» **Goal of the exercise**
Starting at the line that contains "ILVE Nostalgie II" and stopping at the line that contains "Adding a Website/iframe", restate each line of the records below exactly. Omit the pictures.

» **Information provided**
▶

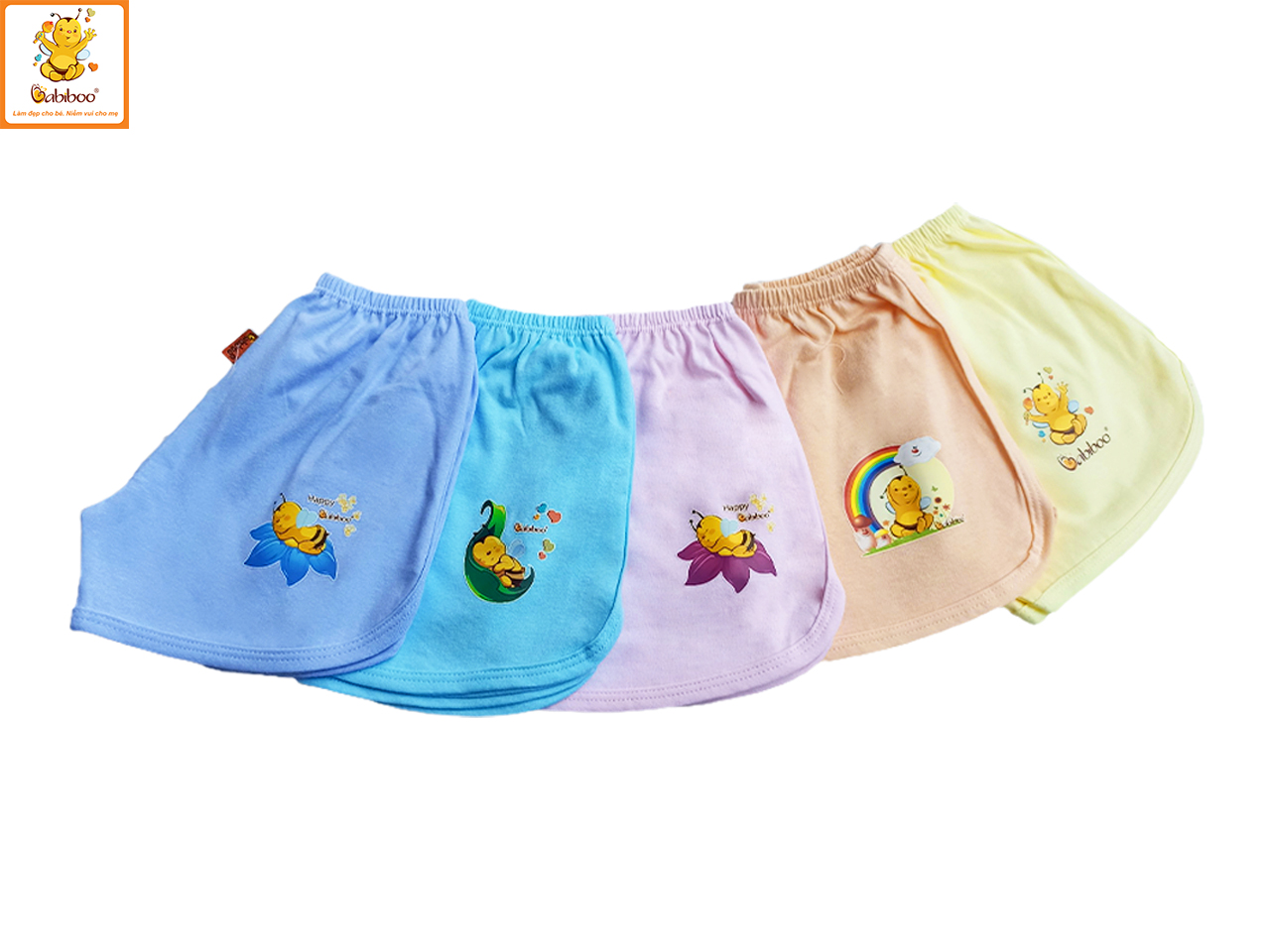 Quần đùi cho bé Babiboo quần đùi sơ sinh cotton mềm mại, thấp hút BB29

◀
▶

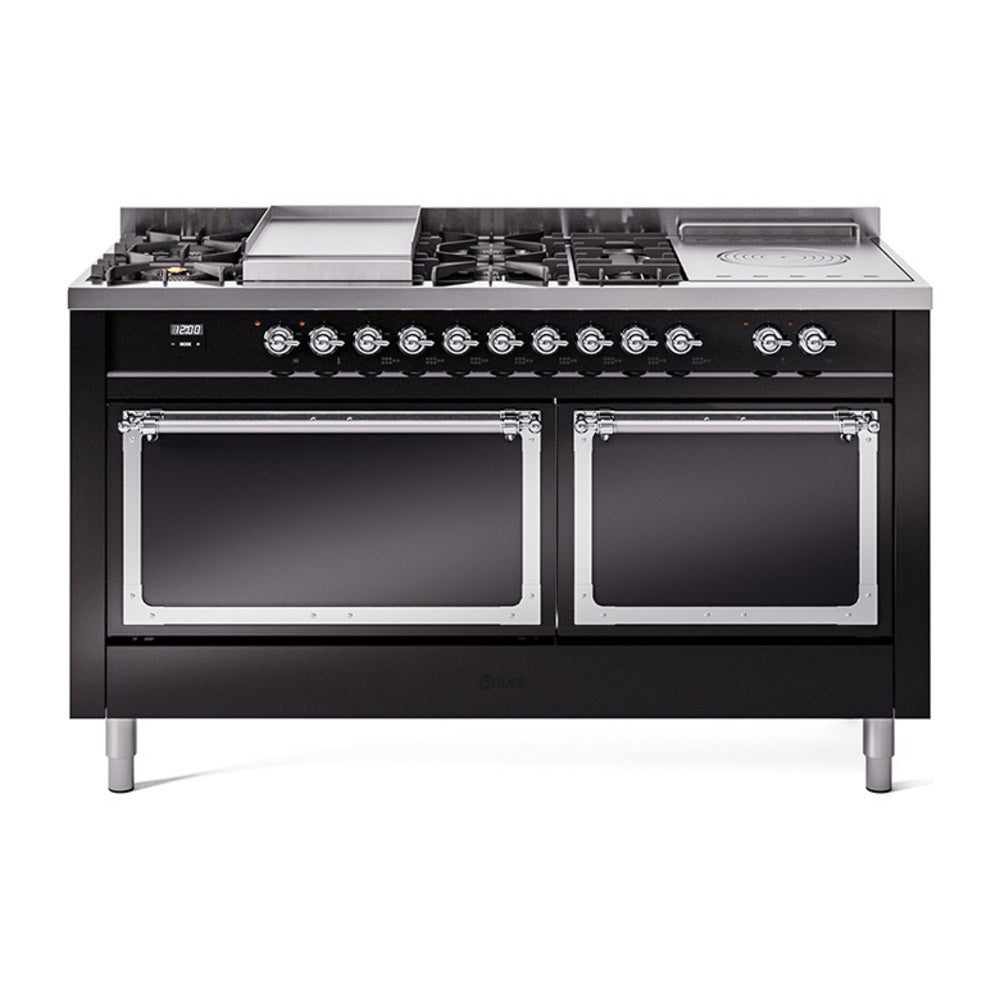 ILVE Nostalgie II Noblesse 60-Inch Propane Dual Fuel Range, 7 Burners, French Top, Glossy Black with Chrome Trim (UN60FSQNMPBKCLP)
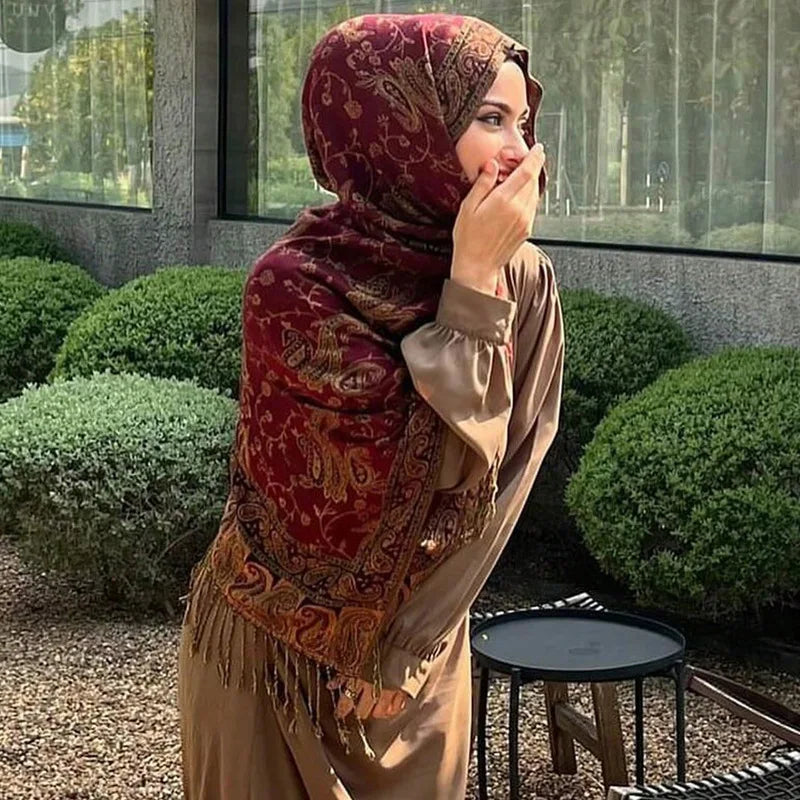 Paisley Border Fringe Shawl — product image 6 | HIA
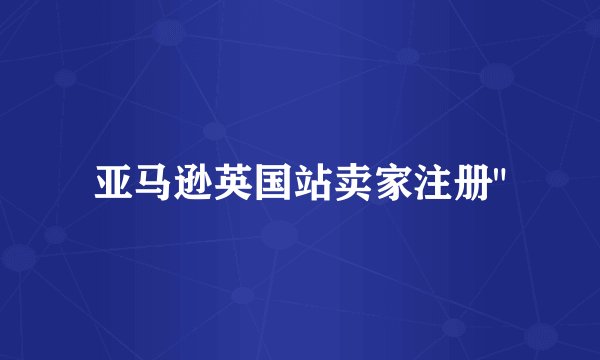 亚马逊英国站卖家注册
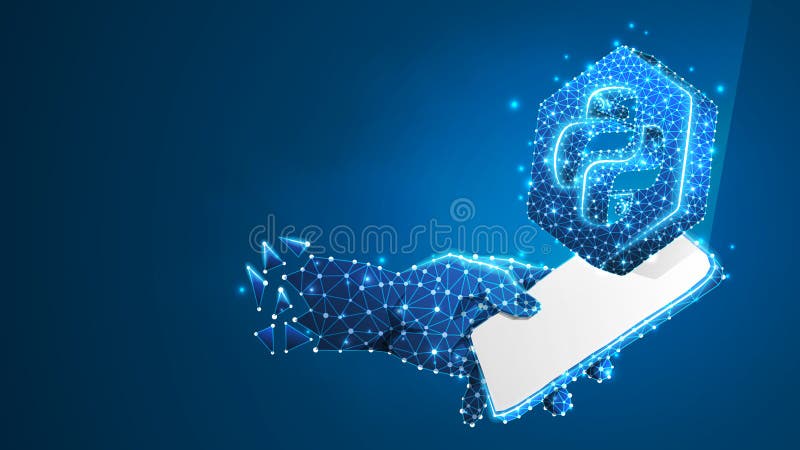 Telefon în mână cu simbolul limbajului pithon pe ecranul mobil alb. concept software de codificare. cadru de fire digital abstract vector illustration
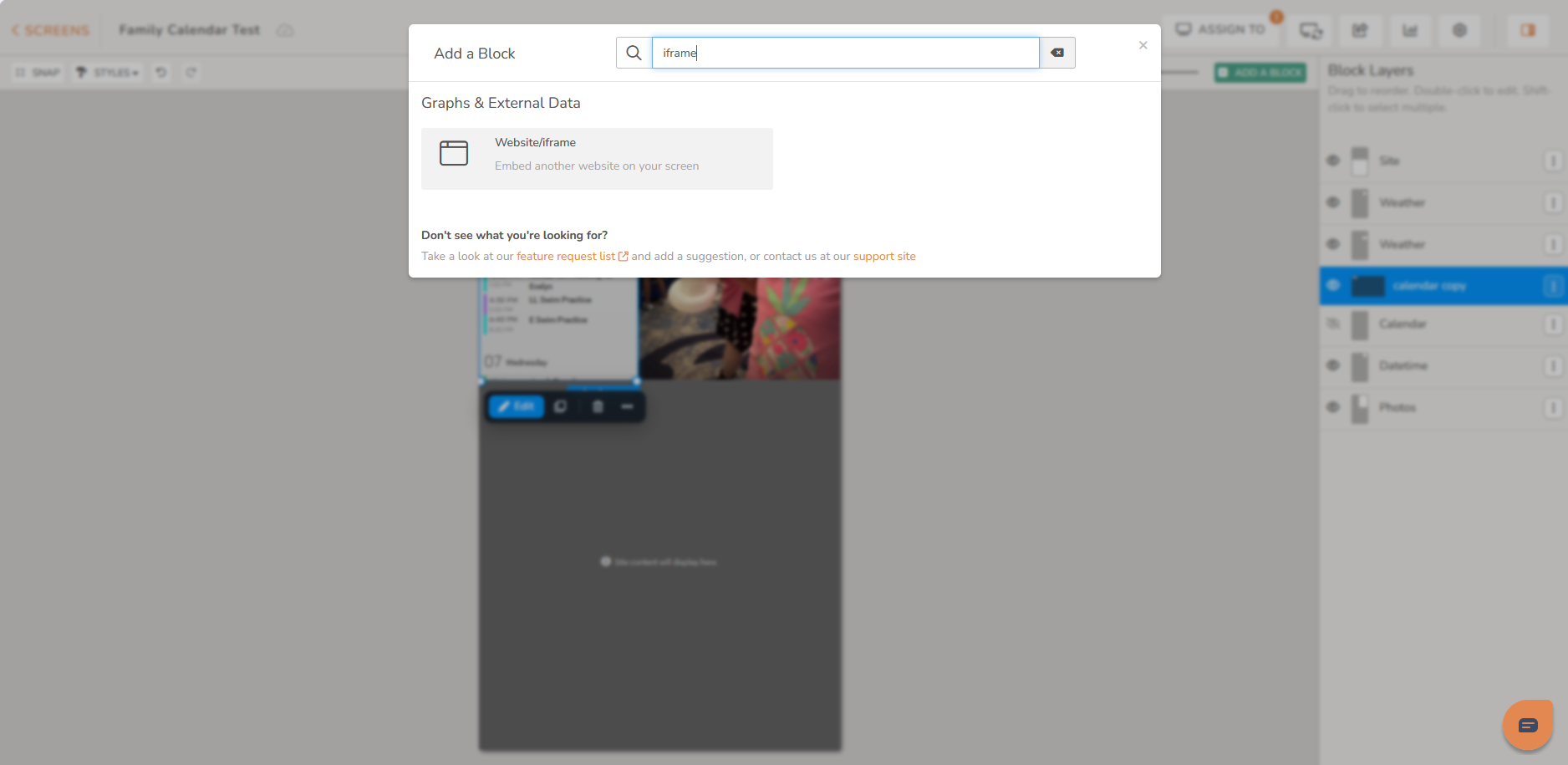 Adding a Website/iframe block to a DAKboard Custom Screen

◀

» **Reply**
 ILVE Nostalgie II Noblesse 60-Inch Propane Dual Fuel Range, 7 Burners, French Top, Glossy Black with Chrome Trim (UN60FSQNMPBKCLP)
 Paisley Border Fringe Shawl — product image 6 | HIA
 亚马逊英国站卖家注册
 Telefon în mână cu simbolul limbajului pithon pe ecranul mobil alb. concept software de codificare. cadru de fire digital abstract vector illustration
 Adding a Website/iframe block to a DAKboard Custom Screen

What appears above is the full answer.